Für mich sind solche Momente das Spannende am Dating mit Unbekannten. Manchmal stellt man aber fest, dass es doch nicht passt oder einen gar der Mut verlässt, um sich auf den Unbekannten und das Neue einzulassen. Auch mir passiert dies gelegentlich. All das macht die Suche nach dem heißen Sexdate etwas unberechenbar. Diesem Risiko lässt sich nur schwer mit pädagogischen Mitteln begegnen. Wir müssen das alle aushalten. Inzwischen habe ich ein gutes Gespür dafür, mit wem es geil werden könnte und mit wem nicht. Entsprechend konsequent konzentriere ich mich auf erstere.

 

Obwohl es immer wieder aufs Neue aufregend ist, jemanden zum ersten Mal zu treffen und ich mich dann durchaus in der Unsicherheit, ob wir tatsächlich ein heißes Date haben werden, ein wenig verletzlich fühle, habe ich insgesamt Glück gehabt und nur wenig Ablehnung erfahren. Und das, obwohl ich mich nun nicht gerade als Posterboy eigne. In Klagen über eine diskriminierende Szene kann ich daher nicht einstimmen.

 

Transfeindlichkeit habe ich hier nur so selten erlebt, dass ich diese unter „Idioten gibt es überall“ verbuche. Ablehnung und Zurückweisung, so denn ich sie erfahren habe, wurden mir so vermittelt, wie jedem anderen Mann auch.
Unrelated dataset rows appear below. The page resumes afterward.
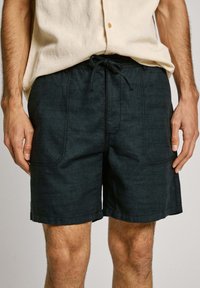 Pantalones cortos de mezclilla oscura con una textura ligera, que cuentan con una cintura ajustable, bolsillos delanteros y detalles de costura en contraste.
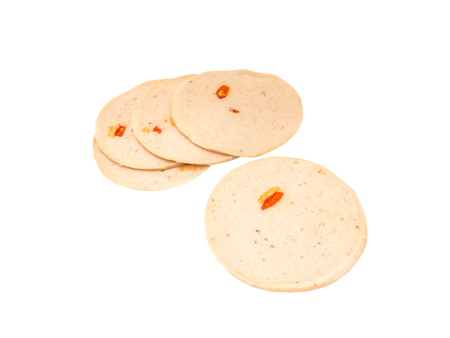 Spicy ham sausage or rolled bologna slices on white backgroundの写真素材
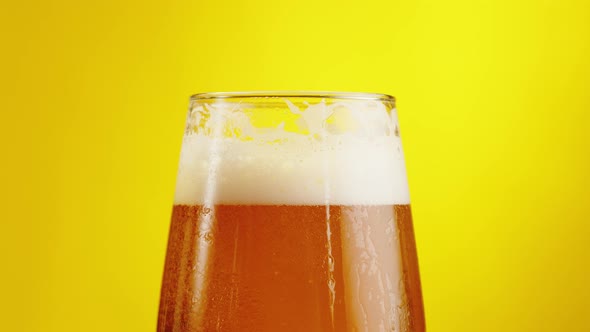 Foamy Beer in Glass Closeup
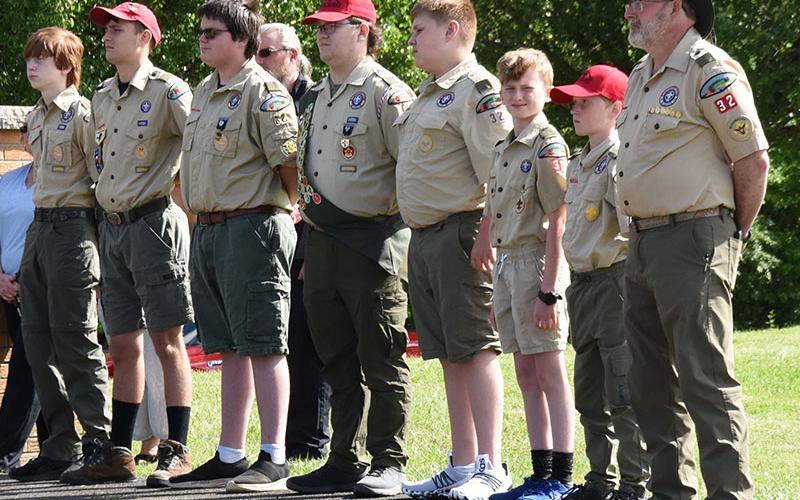 Boy Scouts from Troop 32 in Epworth took part in the traditional placing of American flags on the graves of veterans in Crestlawn Cemetery off Mobile Road. Preparing to place flags are, from left, Clay Dillard, Maddix Trantham, Patrick Thomas, Roy Green, Grant Dilbeck, Max Benson, Ethan Threet, and Scoutmaster David Lewis.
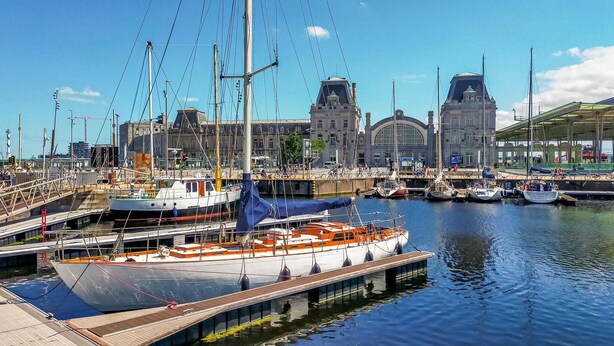 A marina with boats docked, a bridge, and a historic building in the background. - Cozy apartment in Oostende with WiFi (Oostende)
Für mich war entscheidend, dass ich meinen Körper, so wie er jetzt ist, akzeptieren kann und kein verkrampftes Verhältnis meinen sexuellen Wünschen gegenüber mehr habe. Entsprechend kann ich das anderen rüberbringen, weshalb ich davon ausgehe, dass dies einer der Gründe ist, dass ich gleich diejenigen anziehe, mit denen es mit hoher Wahrscheinlichkeit passt. Daraus ziehe ich natürlich wiederum weiteres Selbstvertrauen, um mich immer wieder auf neue Dates einzulassen. Besonders Spaß habe ich inzwischen daran, Männer für die meine genitale Ausstattung etwas völlig Neues ist, in für sie bislang unvertraute Materie einzuführen.